The group is designed to tackle the growing gender gap in Computer Science. While 37 percent of computer scientists were female identifying in 1995, today the American Association of University Women says the number has shrunken to 20 percent.
“There are a lot of complicated reasons around this drop off, but one thing we’re trying to address is early exposure, encouragement, community, and support,” said Samantha Dahlby, director of K-12 education at NewBoCo.
“One of the big factors that is a part of this problem is that students who are female-identifying are not encouraged to pursue computer science as often as boys are.”
Dahlby says addressing that gap is a crucial part of NewBoCo’s work to ensure equitable access to computer science education, and it’s why NewBoCo partnered with BAE Systems to start a Girls Who Code club in Cedar Rapids.
“I really enjoy that we can find gaps that exist in our community, region, and state and we can develop or partner to create programs that address those gaps,” Dahlby said.
Girls Who Code is a national not-for-profit working to change the gender gap in computer science.
The organization provides curriculum for volunteers and educational organizations to launch a Girls Who Code club in their community.
So far, 450,000 students have joined a club, including nine students from Cedar Rapids.
Every club meeting follows a similar format. The girls start off with a “sisterhood” activity, designed to help club members get to know each other and build up community.
From there, they read a chapter from a Girls Who Code book, covering anything from the history of computing to influential women in tech.

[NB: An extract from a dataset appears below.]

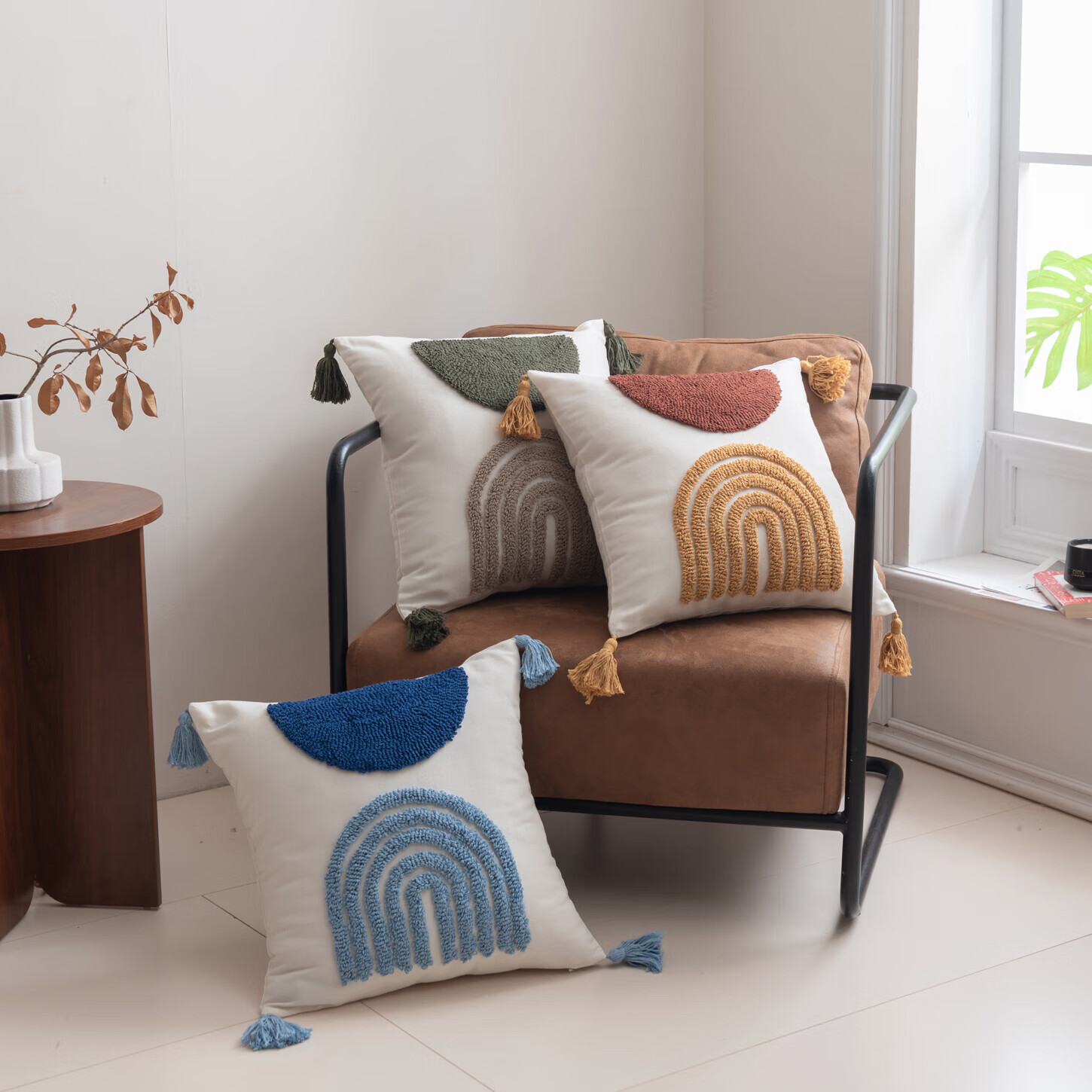 【精选厂家】北欧风绣花抱枕办公室沙发客厅腰枕靠背垫床头靠枕汽 蓝【北欧绣花流苏抱枕】 45x45cm【单抱枕套】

After this, students tackle a creative coding challenge, such as creating a project about themselves in the Scratch program.
To end the meeting, the students share their successes from the day, celebrate their failures and talk about what they want to do next.
All lessons are facilitated by mentors and leaders from NewBoCo and BAE Systems.
“Early exposure to coding through NewBoCo’s Girls Who Code club empowers girls in STEM and puts them on a technology career path,” said Jade Groen, director of program management at BAE Systems’ Electronic Systems sector.
“The program’s focus on our future female innovators to be problem solvers for themselves and the community is essential to the future of Cedar Rapids.”
While local students have now been working for several months as Girls Who Code club members, Dahlby said it’s only the beginning for NewBoCo’s work with the organization.
“We want to see this expand,” she said. “These clubs can be hosted anywhere.
“We want to be a resource to anyone looking to set up their own chapter, and we want to increase participation in ours.”